New Democracy MP Notis Mitarachis told Sky News he is optimistic about the chances of his party forming a coalition.
"I am hopeful there will be a pro-European government that will be able to improve the memorandum, but at the same time ensure that we remain fully committed in the eurozone," he said.
He stressed that his party would push for changes to the conditions of Greece's bailout.
The outcome of the election appeared to provide respite to some EU leaders, but Germany has stressed that it expects the next Greek government to stick to the terms of its bailout agreement.
Chancellor Angela Merkel was the first European leader to phone and congratulate Mr Samaras, saying she would "work on the basis that Greece will meet its European commitments".
Germany's foreign minister, Guido Westerwelle, said his country was willing to discuss the time-frame of the austerity programme.
But other German officials, who did not want to be named, said his remarks were not representative of the government's line.
In a victory speech in Athens, Mr Samaras called for a government of national unity.
Prime Minister David Cameron, who postponed leaving for the G20 summit in Mexico to see who won the election, said a "very bad crisis" had been avoided.
The leaders of Italy and Spain - two countries at the centre of fears over contagion in the debt crisis - welcomed the election result as good news for Europe.
Italy's prime minister Mario Monti said: "This allows us to have a more serene vision for the future of the European Union and for the eurozone."
Spain's Mariano Rajoy described the outcome as "good news for Greece, very good news for the European Union, for the euro and also for Spain".

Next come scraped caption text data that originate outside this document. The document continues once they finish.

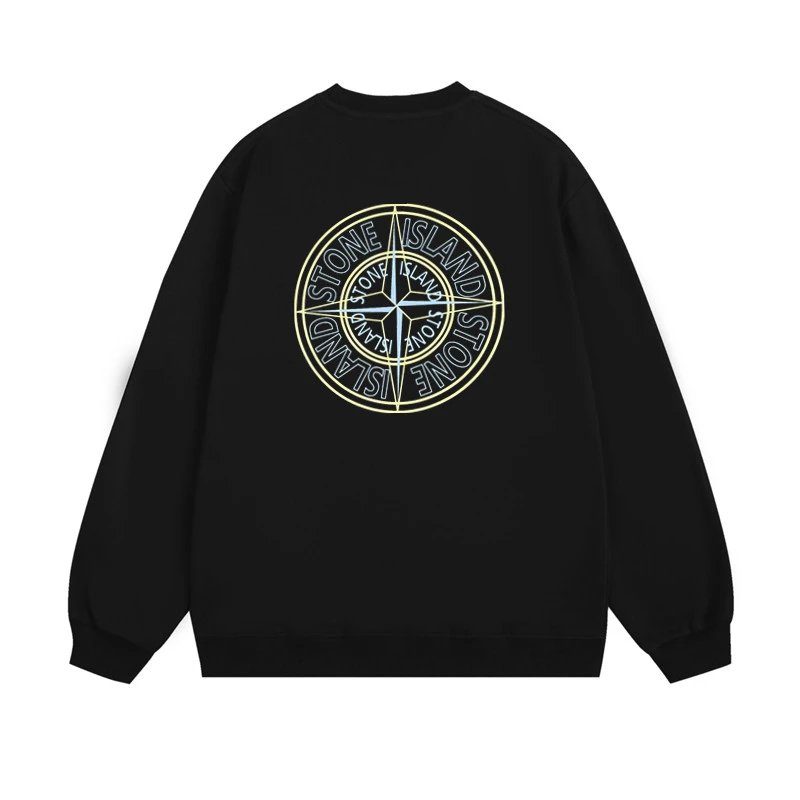 Stone Island Crewneck Sweatshirt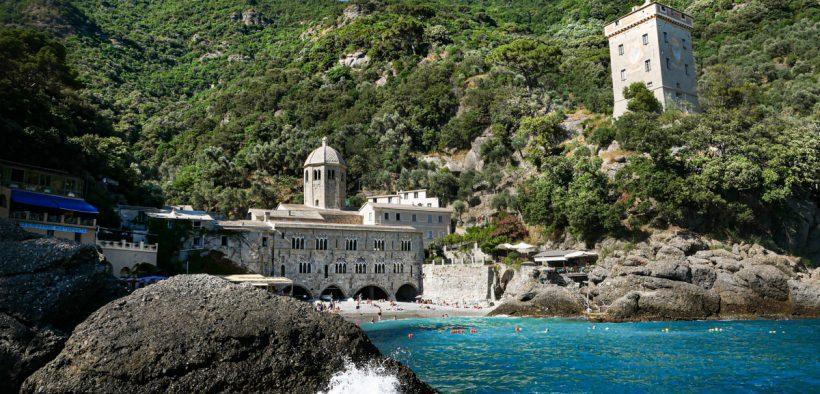 San Fruttuoso trekking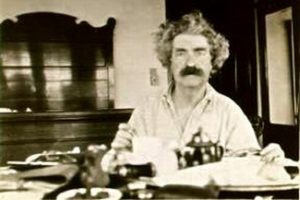 Curiosidades y anécdotas de Mark Twain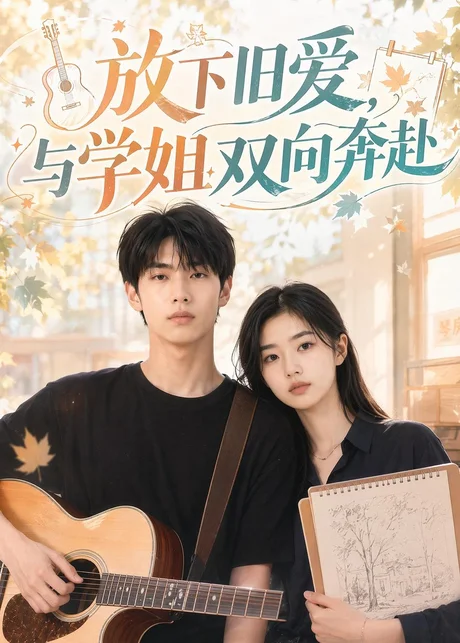 放下旧爱，与学姐双向奔赴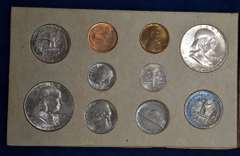 1957  Mint Set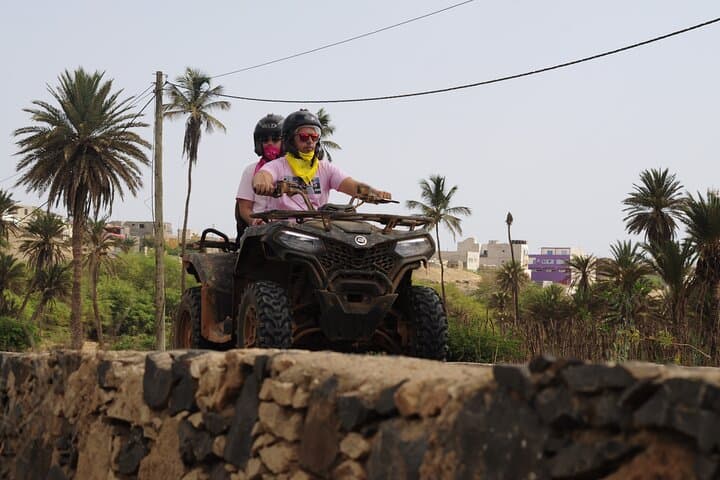 Coastal Quad Biking in Mindelo: 4‑Hour São Vicente Adventure photo 4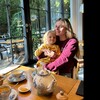 Логотип телеграм канала @baby_speed — Анютина мама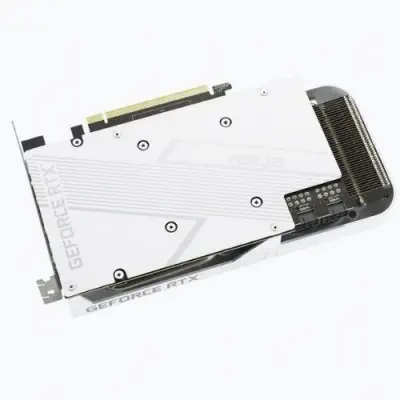 ASUS DUAL-RTX3060TI-O8GD6X-WHITE Gaming Ekran Kartı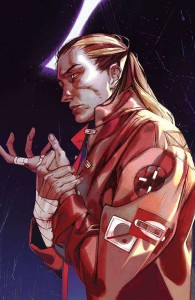POWER RANGERS #21 CVR H UNLOCKABLE VAR GURYEVA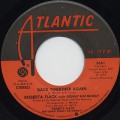 Roberta Flack with Donny Hathaway / Back Together Again c/w God Don’t ~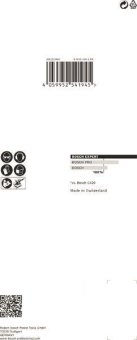 Bosch EXPERT Schleifblatt     2608900856 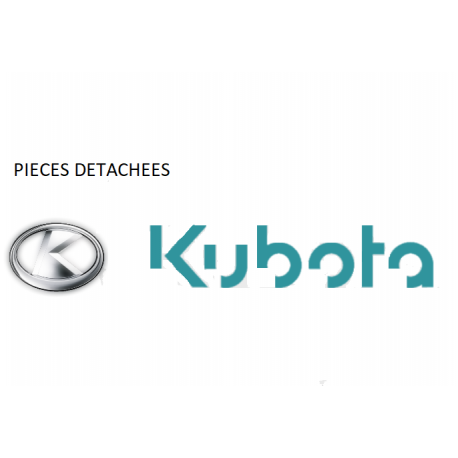 PIECES DETACHEES KUBOTA ANCIENS MODELES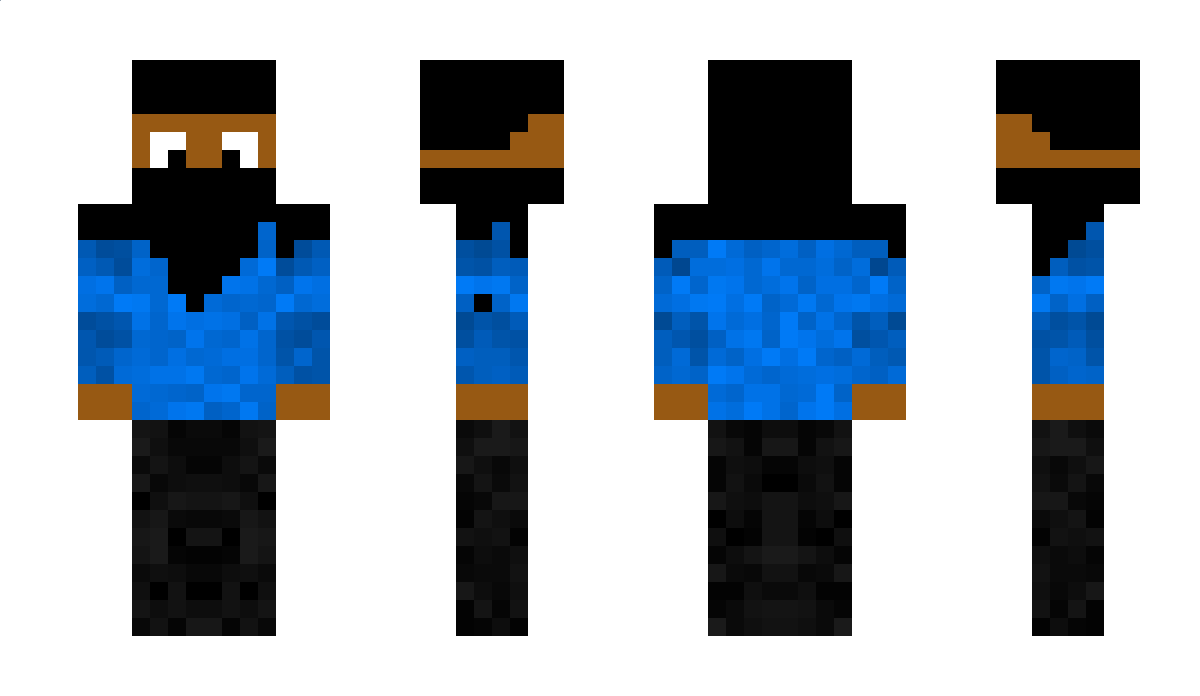 Datboijames12 Minecraft Skin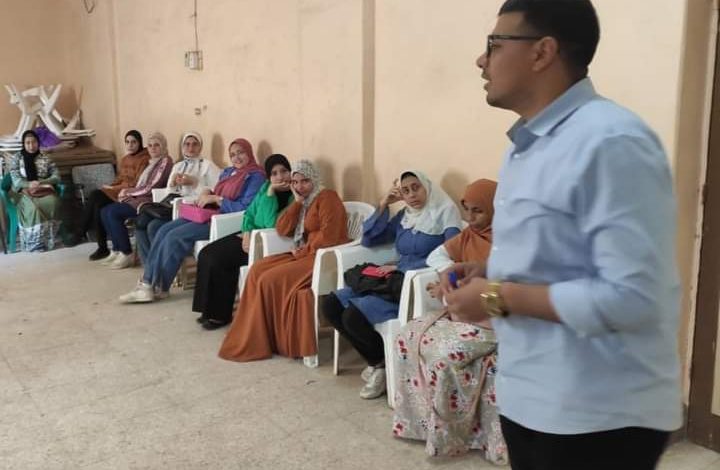 منتدى الحوار الوطني الثاني مع شباب مراكز شباب الغربية 4 FB IMG 1681042202495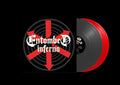 ENTOMBED 'INFERNO' 2LP (Charcoal/Red Vinyl)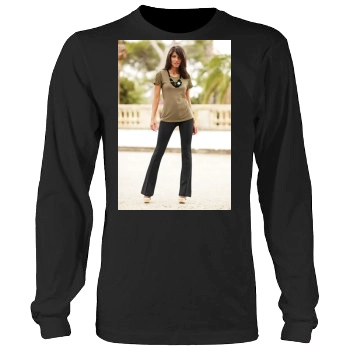 Emanuela de Paula Men's Heavy Long Sleeve TShirt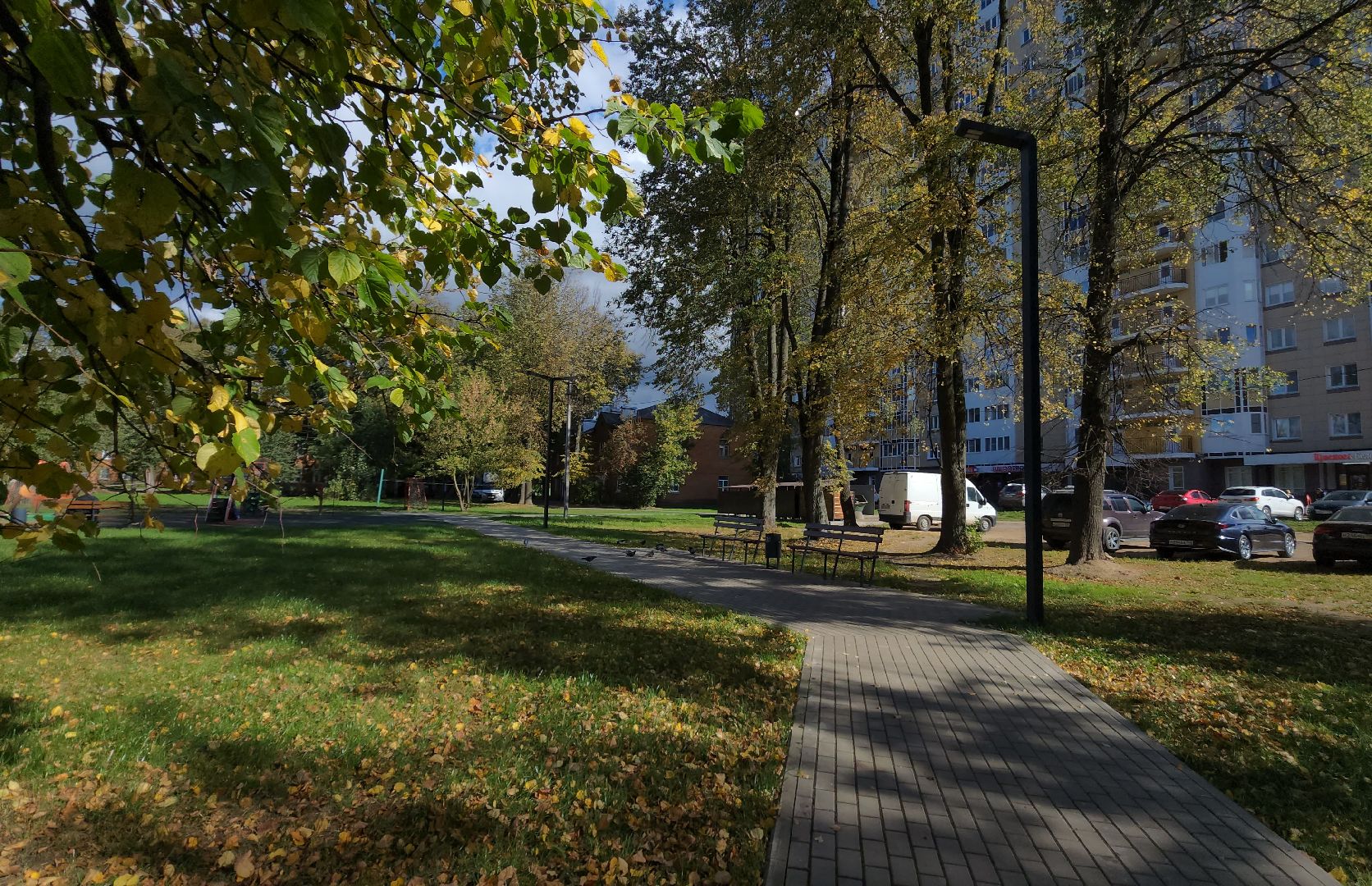 наро-фоминск , наро-фоминский городской округ, отопительный сезон, зима близко,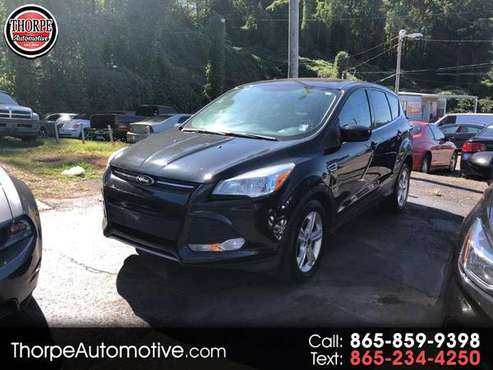 2014 Ford Escape SE FWD for sale in Knoxville, TN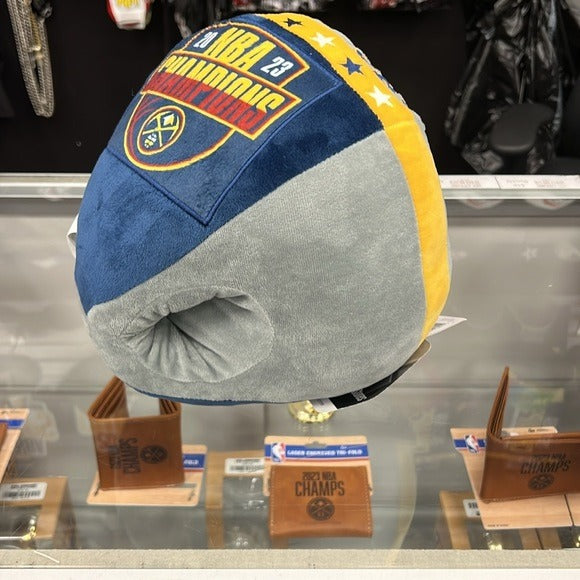 Sports Denver Nuggets Championship Ring Plushy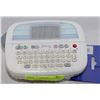 Image 1 : P-TOUCH LABEL MAKER WITH NEW ROLL OF TAPE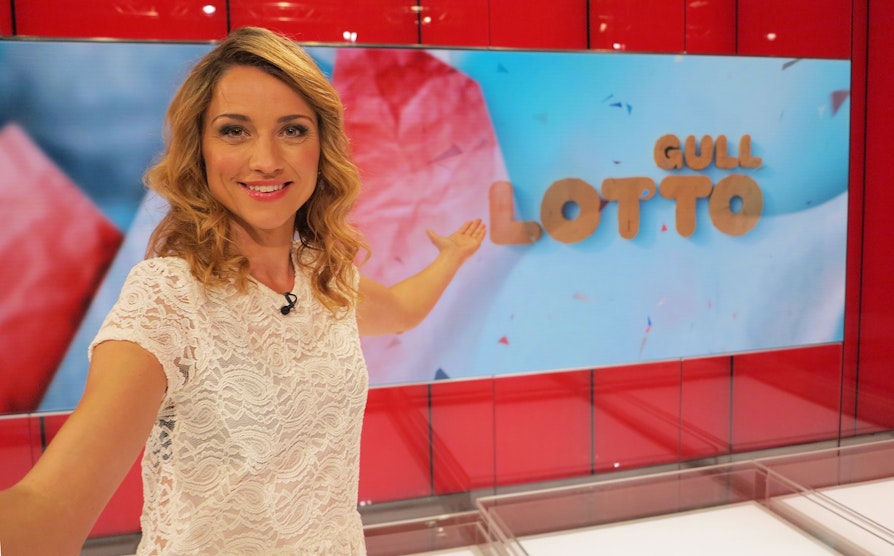 Lotto, programleder May Lisbeth Midtgård Myrvang, Gull-Lotto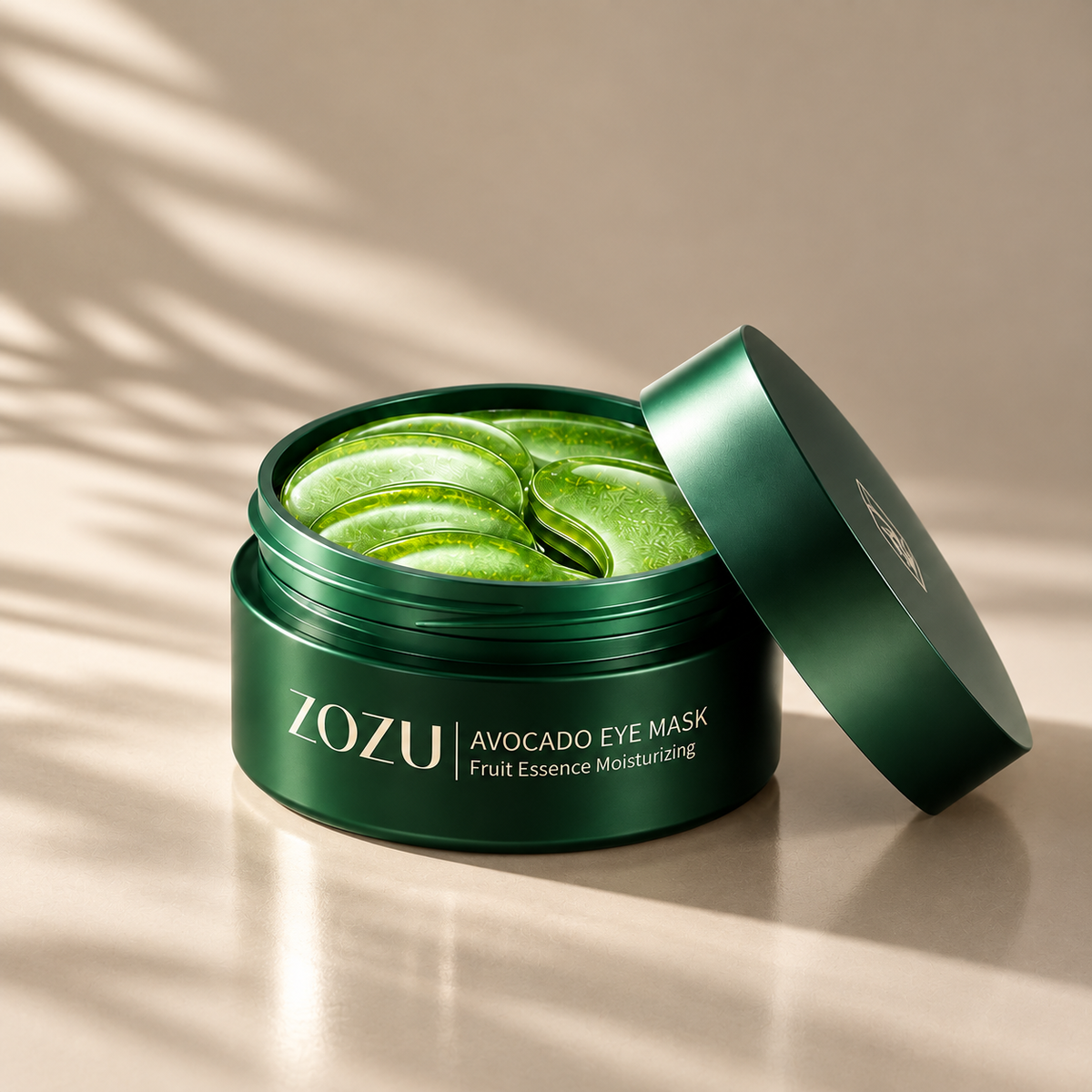 Zozu Smooth Revitalizing Under Eye Masks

And US President Barack Obama said the outcome the election showed a "positive prospect" for the formation of a Greek government that could work well with international partners who are helping it address its debt crisis.
New Democracy is committed to keeping Greece within the euro and has vowed to negotiate with Greece's creditors to ease the bailout conditions and try to boost economic growth.
Syriza had promised to rip up the current agreement - a move many believed would force Greece to leave the eurozone.
The reaction of the financial markets to the outcome of the election is being closely watched, as fears by investors of a Greek exit from the eurozone look set to ease.